I think the most convincing evidence for me is personal anecdotes, from talking to a large range of students, young professionals, as well as more experienced people in my capacity as a community builder based in Oxford. I have generally been surprised at the number of people who had done at least one of: not thinking at all about cause prioritisation, not thinking much about alternative options they might have to their current path, thinking explicitly that what they were doing wasn’t particularly impactful without attempting to change position.

Additionally, I regularly see a negative caricature of an “impact maximiser” in EA online spaces (I decided not to pick on any particular comment, but can dm people if they want examples); someone who has lost their way in naive pursuit of impact and will cause harm. This is not an issue in itself and indeed there are reasonable reasons to worry about taking this too far.
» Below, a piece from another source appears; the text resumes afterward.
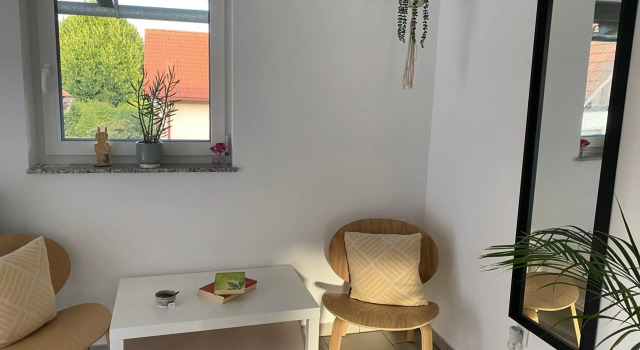 Rooms and apartments Vili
My issue, however, is with the typical response. This seems to be a dismissal of the idea of thinking with much intensity about personal prioritisation and to accept some form of equality between EA issues in the name of pluralism. I can’t recall (which admittedly is possibly confirmation bias) much content written arguing against this kind of attitude, giving me an overall impression that there is a prevailing disinterest in thinking much about prioritisation.

I think this online discourse also contributes towards a wider phenomena of typical EA infrastructure not cultivating interest in prioritisation, which makes me think that my anecdotal evidence is likely to generalise. To give a few examples of this:

  • There is currently very little support for actually thinking specifically about prioritisation. Much of 80,000 Hours’ career planning content doesn’t provide much in the way of direct guidance for forming your own views. This generally makes me very unexcited about programmes, especially in such a condensed form, like this. (Caveat that this is based on CEA basing it on 80,000 Hours’ programme, as well as the low hours requirement. However, I haven’t seen the actual course’s content).

  • Standard groups material such as the intro fellowship are framed more as “here are a set of ideas that we believe” rather than “here are some frameworks and considerations to help you work out what would be best for you to do”.

    • I did a very quick job on reshaping the intro program curriculum a bit to improve this, and will probably revisit this and other standard materials. This is intended to show the direction I would want to move things in, rather than be an ideal example.

  • Most posts and subsequent discussion on the EA Forum doesn’t seem to be framed in such a way as to encourage action-relevant updates to prioritisation. Posts where people are explicitly talking about the reasoning behind their priorities are fairly infrequent.

    • Of the top 30 posts adjusted for inflation, only 2 (#15 and #22) are really framed to be about prioritisation in my opinion.

    • Note that I am not saying there is no value to other posts, but that this is not what I would expect to see in a world where prioritisation was taken very seriously by our online community.